What looked like a game-changing geopolitical win turned out to be one of the year’s cleanest traps. And the smoking gun? Volume.Or rather, the complete lack of it. Look at the 5-minute NQ chart above. The massive green candle around 11:10 is impossible to miss – it dominates the screen like a skyscraper in a village. The pink arrow I added points straight at it. But now drop your eyes to the volume panel below. The bar corresponding to that exact candle (circled in pink) is laughably small relative to the price distance travelled. Later in the session, we see taller volume bars on far smaller price moves. This is not normal. This is not organic buying. This is a textbook Volume Price Analysis (VPA) anomaly screaming “trap.”

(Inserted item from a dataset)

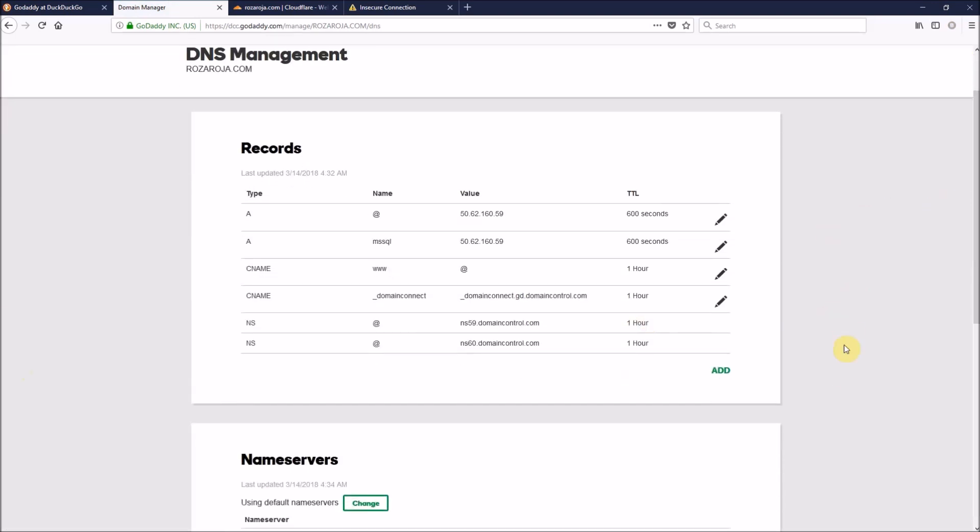And pay attention to this records panel, because when you change your name servers, it will disappear from here. And when you want to edit, remove, or add a new record, you should do it from the new name servers provider, which is in our case Cloudflare.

Breaking Down the Chart – What VPA Actually Shows Us
The Quantum VPOC indicator (the stacked purple/pink profile on the right and the yellow dashed line) paints the full picture. The big candle pierced through several resistance levels and even briefly tagged the upper profile zones. Yet the volume never showed up. No institutional participation. No sustained demand. Just a headline-driven spike that sucked in weak longs before the smart money hit the sell button. Immediately after the candle, we see the classic signs of absorption and reversal: narrow-range red candles, increasing selling volume on the way down, and then the price sliding back into the value area. By mid-afternoon, we’re dancing around the VPOC at roughly 24,650–24,680. That yellow line is now acting as a magnet – exactly as volume-profile theory predicts. Price loves to rotate around the point of highest traded volume because that’s where the most traders are balanced, neither strongly bullish nor bearish. This is VPA in its purest form: price lied, volume told the truth. And now breaking lower as expected!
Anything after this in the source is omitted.